Usiamo i social per imparare la responsabilità

Succubi di un sistema consumistico che, come una voragine investe i comportamenti che assumiamo all’interno del tessuto sociale, crediamo di ritrovare la massima espressione di libertà nell’utilizzo della tecnologia. Con essa, la vita dell’individuo muta radicalmente, stravolgendosi dal suo stato originale. Cambia la percezione del tempo, dello spazio e soprattutto cambia il modo di pensare.

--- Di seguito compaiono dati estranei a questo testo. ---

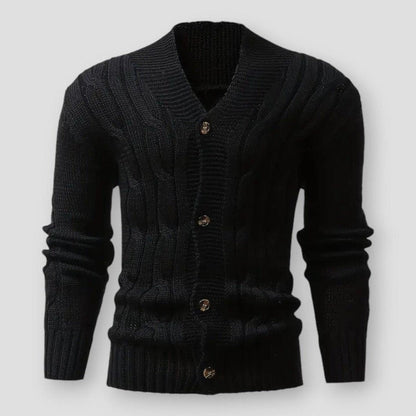 Saint Morris Irvington Knitted Sweater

Prontamente assumiamo l’atteggiamento del rigido conservatore pronto a infervorarsi con veemenza contro coloro che sui social non condividono le nostre opinioni. Non consci, o almeno fino in fondo, dell’approccio con la realtà virtuale, ci nascondiamo dietro un display. È risaputo, d’altronde, che il distacco tecnologico che intercorre tra noi e un alto utente può essere la causa di un meccanismo perverso. Se con fermezza su una qualsiasi piattaforma sociale online facciamo valere i principi nei quali crediamo, nel comune «Face to Face» non avremmo neanche il coraggio di esporci, specie se l’interlocutore posto di fronte a noi è un soggetto più acculturato, o con più argomentazioni delle nostre.
Molto spesso ricadiamo nell’utilizzo di un lessico rozzo e volgare, poco adatto al contesto, soprattutto nel caso di internet, che immagazzina miliardi di dati in intervalli di tempo relativamente brevi i quali, per il più delle volte, sono facilmente accessibili a tutti. La soluzione non potrebbe di certo essere la censura da parte del Garante dei social, basterebbe essere consapevoli delle proprie azioni, assumendosi completamente le responsabilità. Ogni qualvolta le nostre dita scorrono su una tastiera di uno smartphone o di un pc, il nostro livello d’attenzione dovrebbe quadruplicare rispetto il valore normale. Solo con un uso ponderato dei social network, la vita individuale potrebbe volgere al meglio, escludendo quindi dai nostri giochi una volta per tutte, coloro che non hanno mai capito le regole della community: i nostalgici neofascisti e i creatori di fake news.